Nice fence TroyO. Can't wait to see how you use it.


----------



## Haunted Spider (Sep 6, 2010)

Rough up the pvc with some sandpaper before you paint it. Even the spray on krylon designed for plastic says to rough up the plastic first. If you don't it will chip off in random places. Other than that the fence looks good.


----------



## Haunted Spider (Sep 6, 2010)

Your HVLP system should work fine to spray latex. I sprayed the duration latex house coating from Sherwin Williams with a Capspray 9900 earlier this year. It worked out just fine. Just make sure you wash out the system good when you are done as it is latex and it likes to gum up the pieces.


----------



## Dark Angel 27 (Sep 11, 2008)

the fence looks great!


----------



## TroyO (Sep 7, 2011)

Roxy, yes it will be a graveyard. Coffin/FCG/Headstones... welll, you know. IF I get it all done, LOL.

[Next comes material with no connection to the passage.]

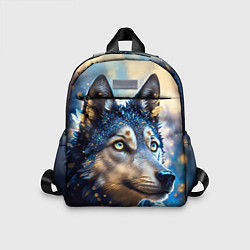Детский рюкзак Волк на синем фоне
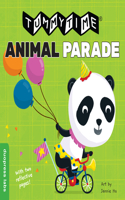 Tummytime(r): Animal Parade: A Sturdy Fold-Out Book with Two Mirrors for Babies. One Side Has High-Color Images, the Other Has High-Contrast Black-And-White Images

Bone Dancer, Finials were from http://www.kingmetals.com/default.aspx?page=item detail&itemcode=10-6007-34
$0.27 each, I ordered 100... $27.00 plus shipping which was ~$20 so $47 total for the 100.

Ceriniad, my condolances.

SpiderClimber, thanks agin for the tutorial and help! All of the PVC got hit with a paint-remover-sanding-grit sponge (Think Scotch Brite and sandpaper mixed together, LOL.) during assembly of the finials, so they they should be good for paint. It worked really fast.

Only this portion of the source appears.